De ATW is per 1 april 2007 vereenvoudigd met als motto: «minder regels en meer verantwoordelijkheid voor burgers en bedrijven». Minder regels rond arbeids- en rusttijden biedt meer mogelijkheden voor bedrijven om de arbeidspatronen af te stemmen op de situatie binnen het bedrijf waardoor sneller kan worden ingespeeld op wijzigende omstandigheden in de sector of de onderneming. Tevens biedt de vereenvoudiging ruimte voor werknemers om tot een betere afstemming tussen werk en privé te kunnen komen. Meer ruimte voor maatwerk dus, maar ook meer verantwoordelijkheid, om de gegeven ruimte op een verantwoordelijke manier in te vullen.

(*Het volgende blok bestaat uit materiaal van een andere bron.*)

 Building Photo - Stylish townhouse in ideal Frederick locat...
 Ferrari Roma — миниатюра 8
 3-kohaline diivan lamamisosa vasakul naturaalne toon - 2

3. Belangrijkste wetswijzigingen in 2007

Om werkgevers en werknemers op individueel niveau meer ruimte te bieden om binnen de door de wet gestelde normen met elkaar maatwerkafspraken over arbeids- en rusttijden te maken, is de ATW langs twee – onderling gerelateerde – wegen vereenvoudigd. De belangrijkste vereenvoudiging is de vervanging van het dubbele normenstel door een stelsel met een enkelvoudige norm5. Dit maakt het mogelijk dat op ondernemingsniveau gebruik kan worden gemaakt van de ruimste normen zonder dat daarvoor eerst een collectieve regeling (cao of bedrijfsakkoord) tussen de betrokken sociale partners tot stand is gekomen. Tevens is het aantal normen verminderd en zijn normen verruimd6.

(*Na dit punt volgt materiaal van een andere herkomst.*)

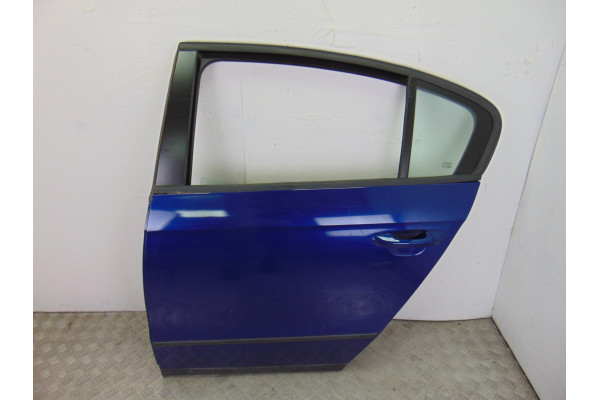 PUERTA TRASERA IZQUIERDA| VOLKSWAGEN- 2.0 TDI 140CV 1968CC|AZUL - 2005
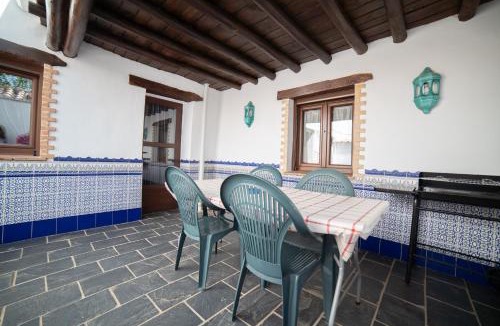 Jerez del Marquesado House | Casas rurales los castaños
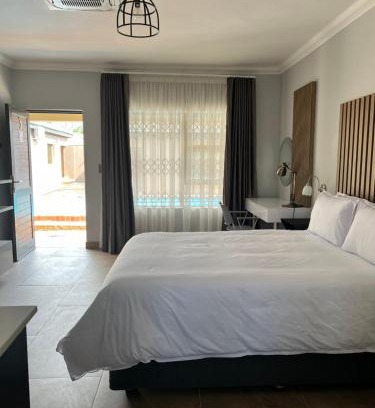 Klerksdorp House | Casero Guesthouse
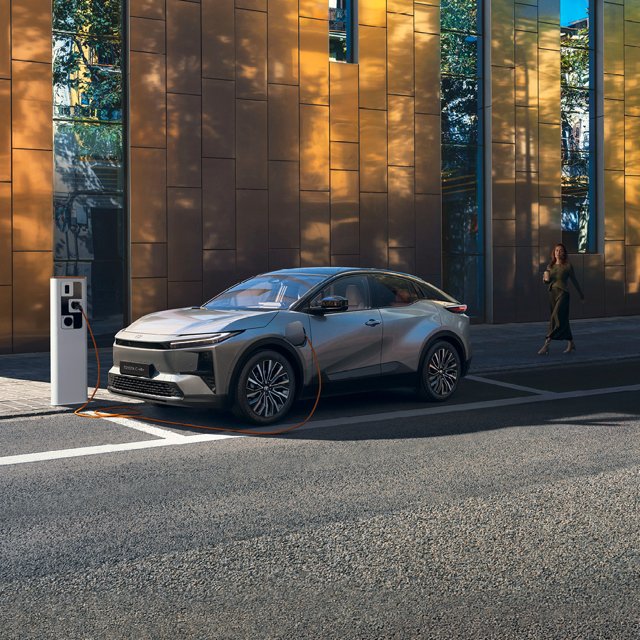 Nu €2.000 inruilvoordeel op de nieuwe C-HR+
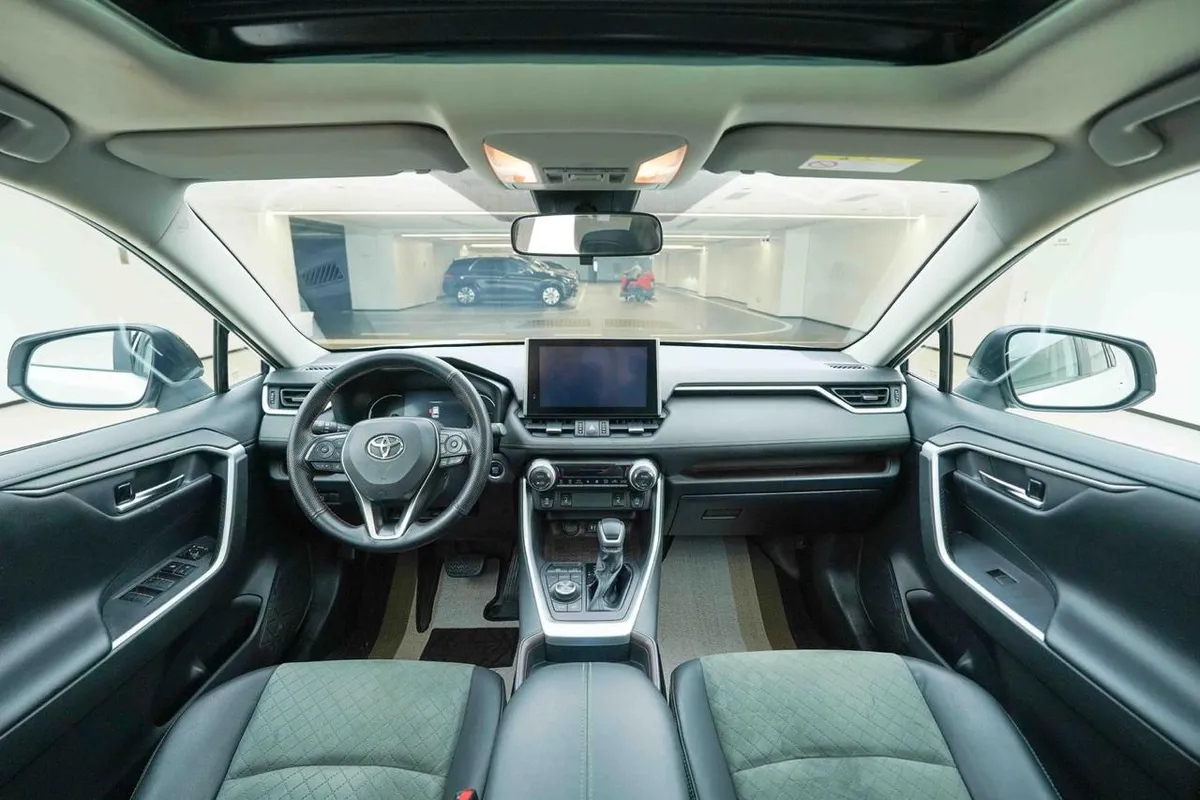 TOYOTA RAV4 PREMIUM EDITION 2022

Het vereenvoudigde normstelsel is gebaseerd op een unaniem SER-advies uit 20057 en sluit aan op datgene wat internationaal als basisbescherming voor werknemers is afgesproken.

In 2011 heb ik laten onderzoeken in welke mate de wetswijzigingen invloed hebben gehad op afspraken over arbeids- en rusttijden op cao- en bedrijfsniveau en op arbeidspatronen (zie bijlage voor opzet evaluatieonderzoek).

4. Conclusies op hoofdlijnen van de wetsevaluatie

Het evaluatieonderzoek wijst uit dat werkgevers en werknemers in het algemeen tevreden zijn over de ruimte die de vereenvoudigde ATW biedt voor het maken van maatwerkafspraken. De cao is een belangrijk instrument waar het gaat om het maken van afspraken op het terrein van arbeidsvoorwaarden waarvan arbeids- en rusttijden een onderdeel uitmaken. Sinds de wetswijziging is het onderwerp «arbeidstijden» bij cao-onderhandelingen vaker op de agenda geplaatst. Aangezien de afspraken over arbeids- en rusttijden in cao’s meestal minder ver gaan dan de uiterste grenzen van de ATW, is het doorgaans de werkgeverspartij die het onderwerp agendeert en is haar inzet verruiming. Met name in cao’s waarbij bedrijven zijn aangesloten die te maken hebben met sterke fluctuaties in de vraag naar producten of diensten en die behoefte hebben aan een flexibele inzet van personeel, is gebruik gemaakt van de uiterste grenzen van de nieuwe ATW. In de overige gevallen blijkt het resultaat bij cao-onderhandelingen doorgaans neer te komen op een herbevestiging van eerdere cao- afspraken, afspraken dus die in het algemeen minder ver gaan dan de ruimte die de ATW biedt. Daar waar het overleg heeft geleid tot verruimingen waren deze in de meeste gevallen ook mogelijk geweest onder de oude wetgeving. Of de wetswijziging hiervoor de directe aanleiding is geweest is op basis van het evaluatieonderzoek niet te zeggen.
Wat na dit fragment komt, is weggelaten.